*WORK INSTRUCTIONS*
Repeat only what runs from the line with "Before we go" through the last line of the data below, both included, keeping every word as it is and leaving out the pictures.

*MATERIAL FOR THE TASK*
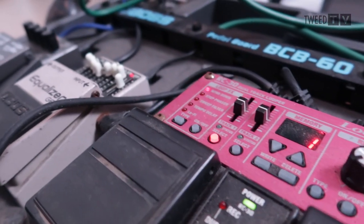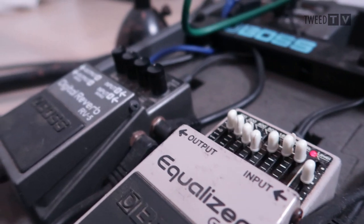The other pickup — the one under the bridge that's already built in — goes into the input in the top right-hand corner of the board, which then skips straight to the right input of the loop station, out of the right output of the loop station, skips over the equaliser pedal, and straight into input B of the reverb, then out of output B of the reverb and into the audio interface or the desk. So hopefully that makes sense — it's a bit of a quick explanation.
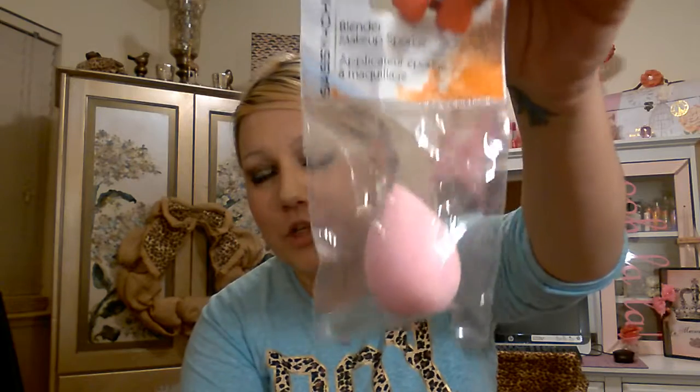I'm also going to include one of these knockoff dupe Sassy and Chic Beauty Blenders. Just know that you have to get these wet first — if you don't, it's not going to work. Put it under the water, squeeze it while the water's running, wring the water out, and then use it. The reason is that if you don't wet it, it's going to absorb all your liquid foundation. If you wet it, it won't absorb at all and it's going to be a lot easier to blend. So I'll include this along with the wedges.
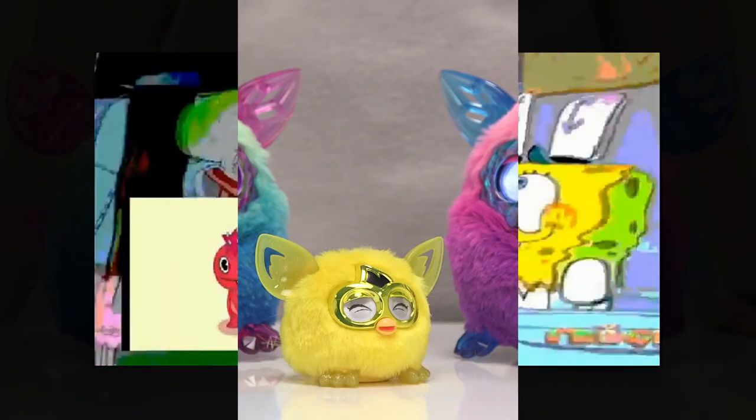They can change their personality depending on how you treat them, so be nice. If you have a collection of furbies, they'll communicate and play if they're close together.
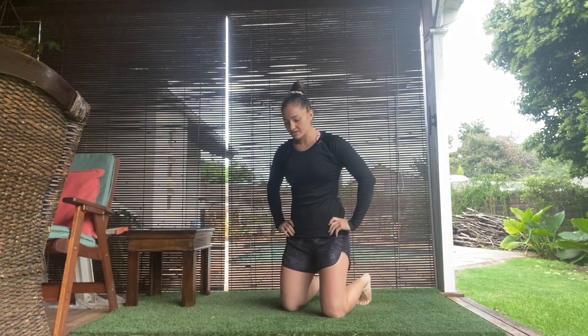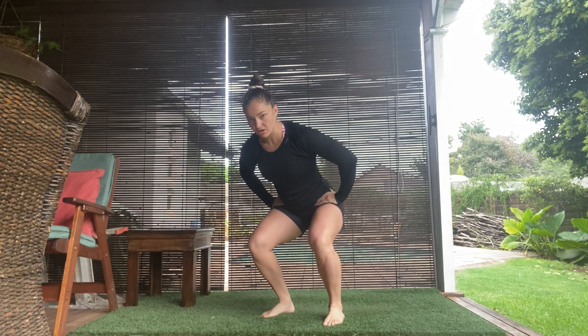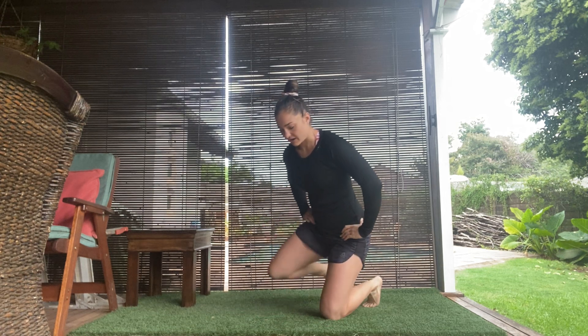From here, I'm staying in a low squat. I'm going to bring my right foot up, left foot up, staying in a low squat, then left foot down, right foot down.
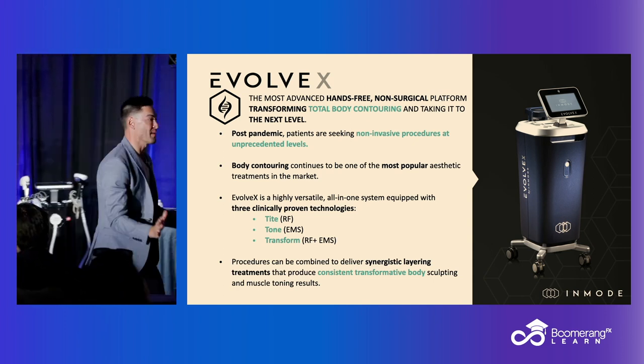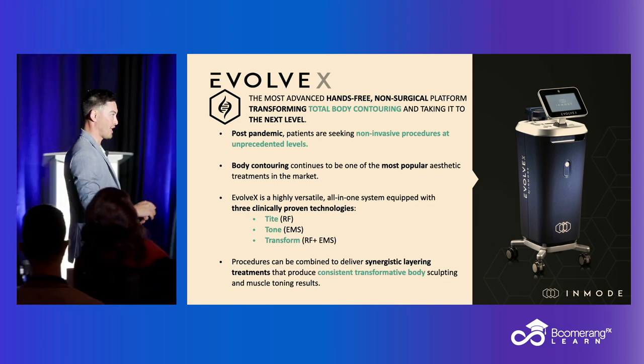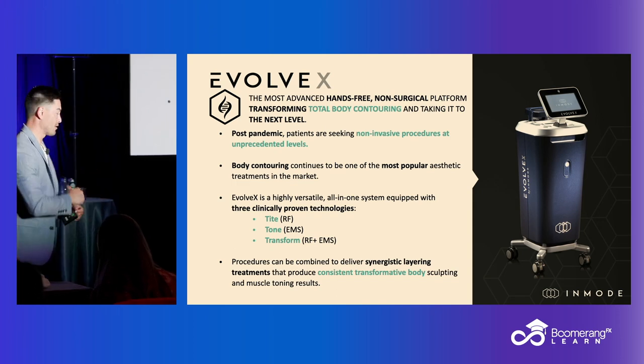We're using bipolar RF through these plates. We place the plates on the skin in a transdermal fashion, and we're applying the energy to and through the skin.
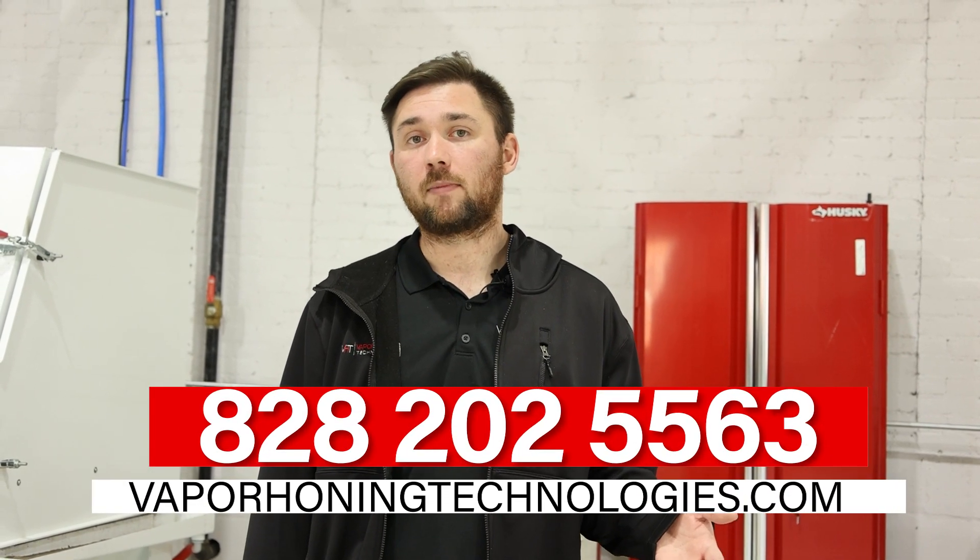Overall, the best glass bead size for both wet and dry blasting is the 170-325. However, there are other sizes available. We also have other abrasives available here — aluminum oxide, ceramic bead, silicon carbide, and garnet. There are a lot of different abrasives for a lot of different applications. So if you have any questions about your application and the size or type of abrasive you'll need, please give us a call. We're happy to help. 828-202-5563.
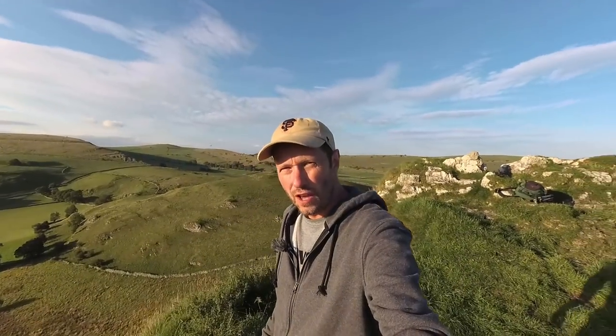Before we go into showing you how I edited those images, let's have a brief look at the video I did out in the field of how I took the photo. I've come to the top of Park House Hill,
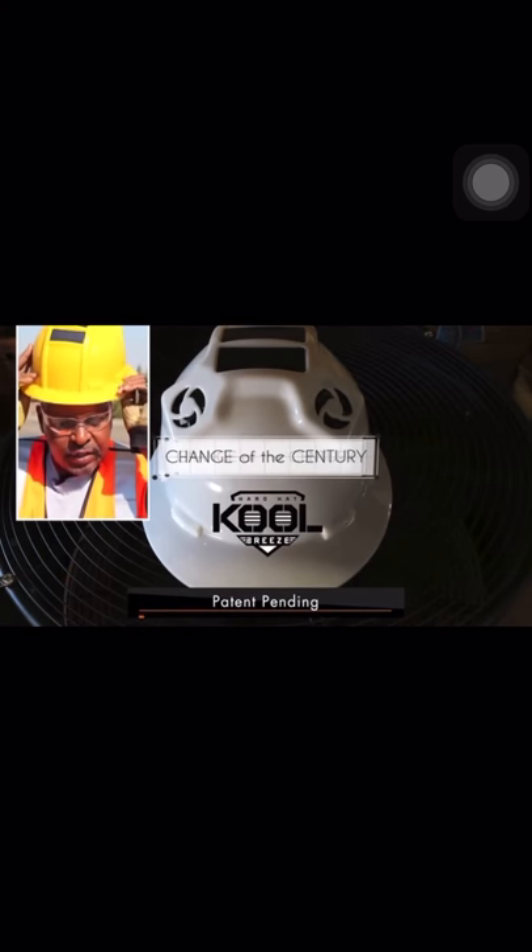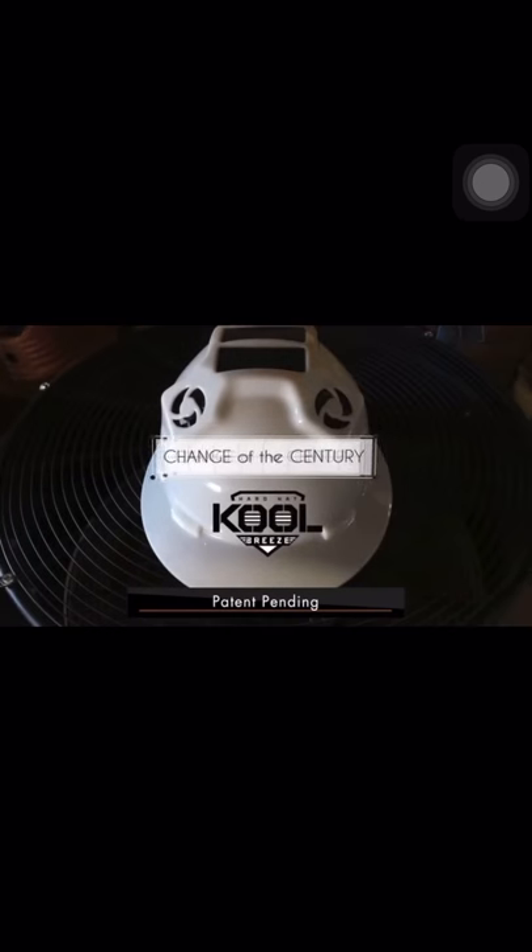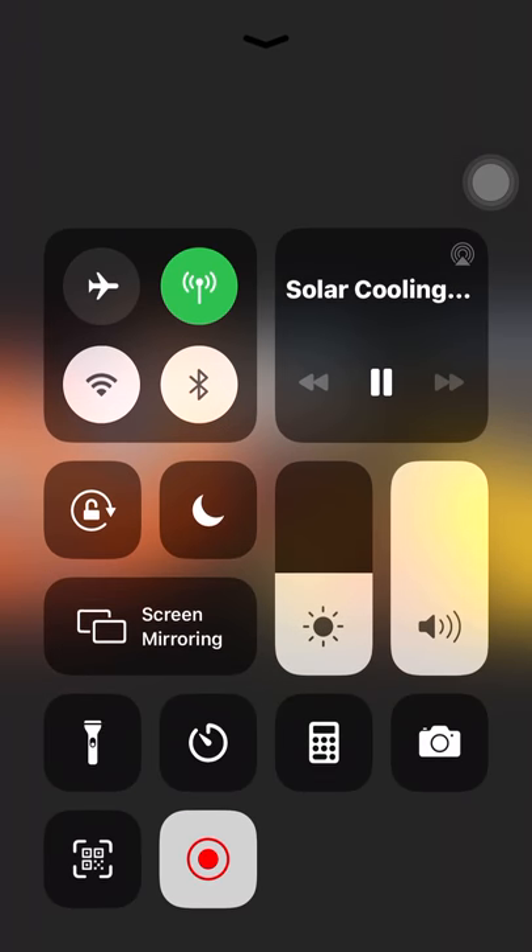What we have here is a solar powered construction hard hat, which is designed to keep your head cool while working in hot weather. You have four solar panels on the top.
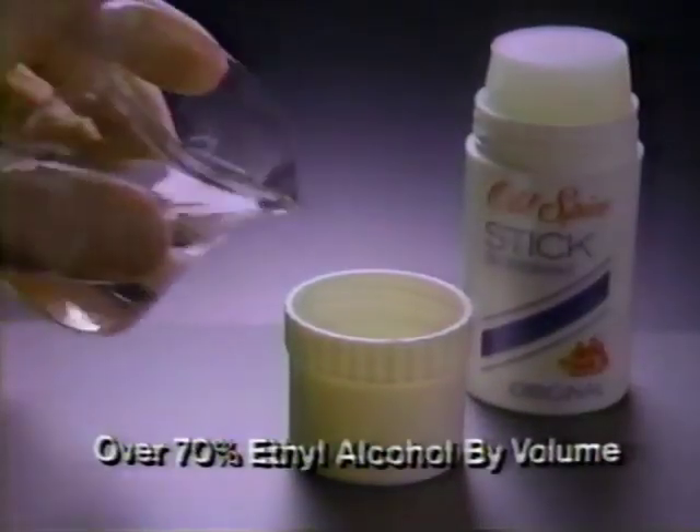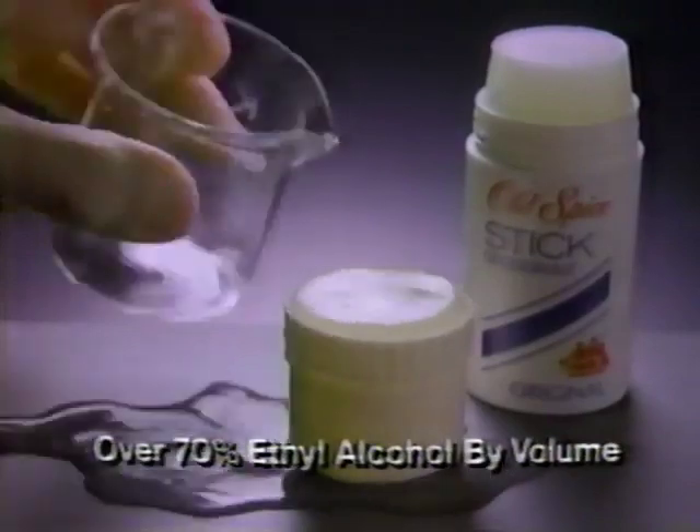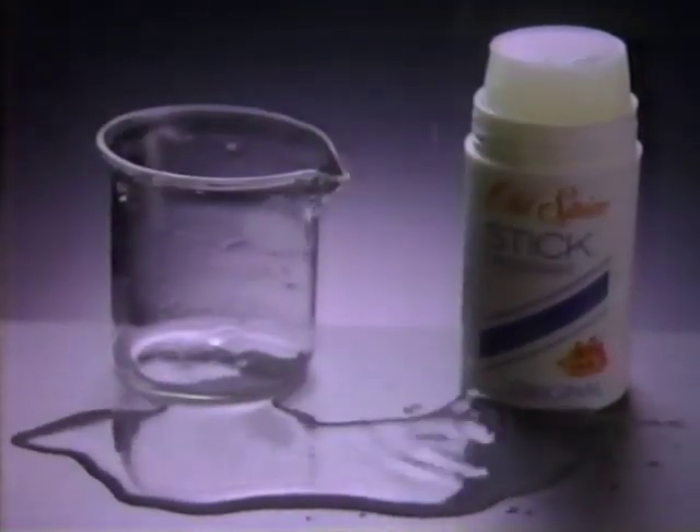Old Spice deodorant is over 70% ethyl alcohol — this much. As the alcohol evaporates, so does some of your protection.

*ANSWER TO THIS TASK*
Before we go into showing you how I edited those images, let's have a brief look at the video I did out in the field of how I took the photo. I've come to the top of Park House Hill,
What we have here is a solar powered construction hard hat, which is designed to keep your head cool while working in hot weather. You have four solar panels on the top.
Old Spice deodorant is over 70% ethyl alcohol — this much. As the alcohol evaporates, so does some of your protection.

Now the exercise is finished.